Uricult Trio Dip Slide

Retrieved from: http://www.oriondiagnostica.com/files/odextra/Clinical%20Microbiology%20brochure/782-03GB_Uricult.pdf

The cultures and dipslides which are made on the previous day will be read on the next day. Usually when there is a mixed growth of bateria (different types of organisms growing), it is considered insignificant and will be recorded as negative. However, when there is predominant growth of only one type of bacteria, it is considered as significant and will be recorded as positive.
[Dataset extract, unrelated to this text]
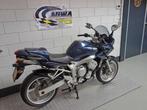 YAMAHA FZS 600 FAZER (bj 2004), Motoren, Motoren | Yamaha, 4 cilinders, Bedrijf, Sport, Meer dan 35 kW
Enterobacteriaceae species can be identified easily by seeing the morphology of the colonies and to confirm the species, indole test can be done. For example, when E.coli is suspected to grow, indole test is done on the spot to confirm. A small filter paper is used and a drop of indole is placed on the filter paper. Then, the filter paper is rubbed against one of the colonies. When the filter paper turns blue, it indicates positive and it is proven that it is an E.coli. Then the culture will be sent for further test which is sensitivity testing. However, when there is a doubt on the identity of the organism, the organism will sent for identification and sensitivity test.